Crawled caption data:
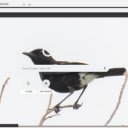 Chim Se Den  screen for extension Chrome web store in OffiDocs Chromium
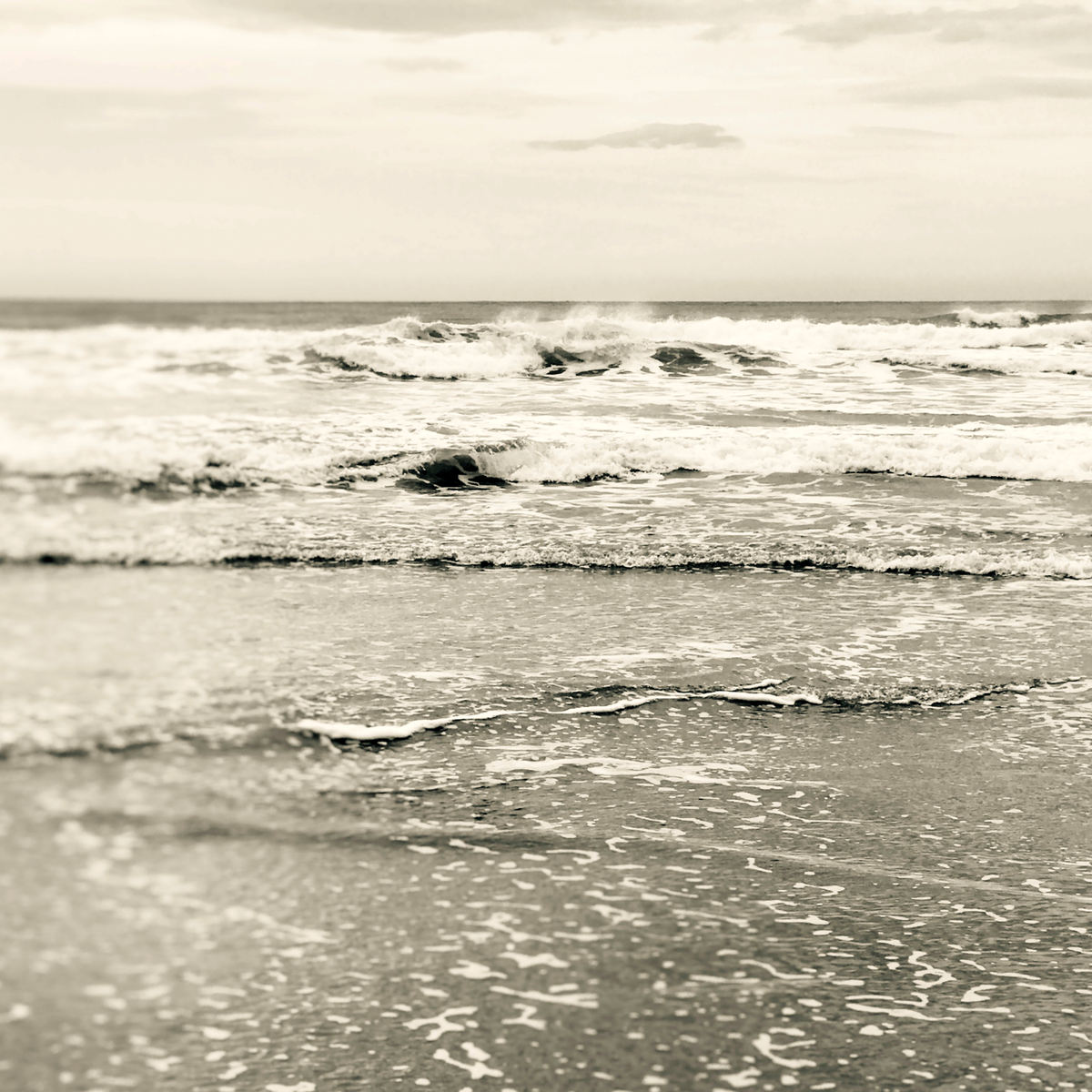 Golden Shore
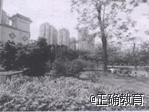 www.xiangpi.com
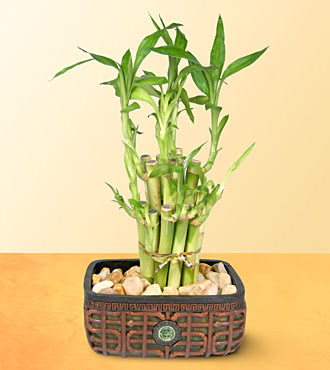 Lucky Bamboo  saksi �i�egi  T�rkiye �i�ek�i ma�azas� 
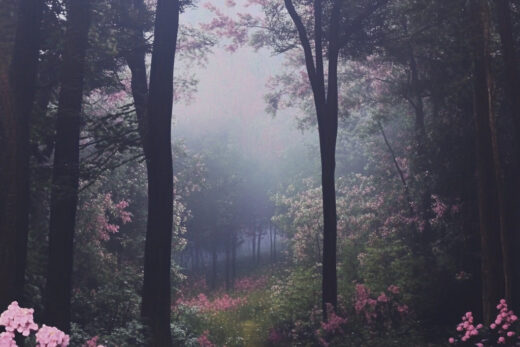 sref 389 | nature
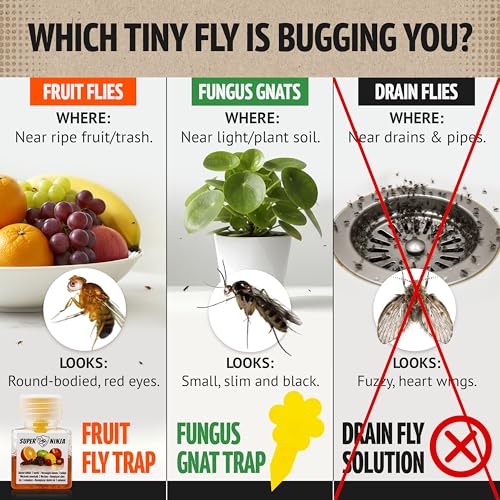 Super Ninja Fruit Fly Traps for Indoors - 4 Pack, Highly Effective Fruit Fly Catcher for Indoor Use for Home & Kitchen, Up to 3 Weeks of Performance per Bottle, Kid & Pet Friendly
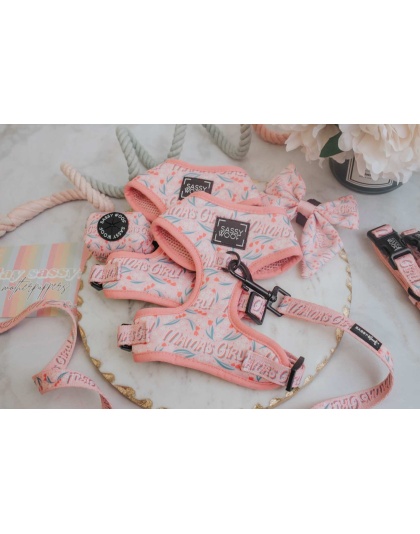 Mama's Girl - Adjustable Harness  - XXSmall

To do: Should a picture appear among the entries, skip it and copy the rest exactly.

Task result:
 Chim Se Den  screen for extension Chrome web store in OffiDocs Chromium
 Golden Shore
 www.xiangpi.com
 Lucky Bamboo  saksi �i�egi  T�rkiye �i�ek�i ma�azas� 
 sref 389 | nature
 Super Ninja Fruit Fly Traps for Indoors - 4 Pack, Highly Effective Fruit Fly Catcher for Indoor Use for Home & Kitchen, Up to 3 Weeks of Performance per Bottle, Kid & Pet Friendly
 Mama's Girl - Adjustable Harness  - XXSmall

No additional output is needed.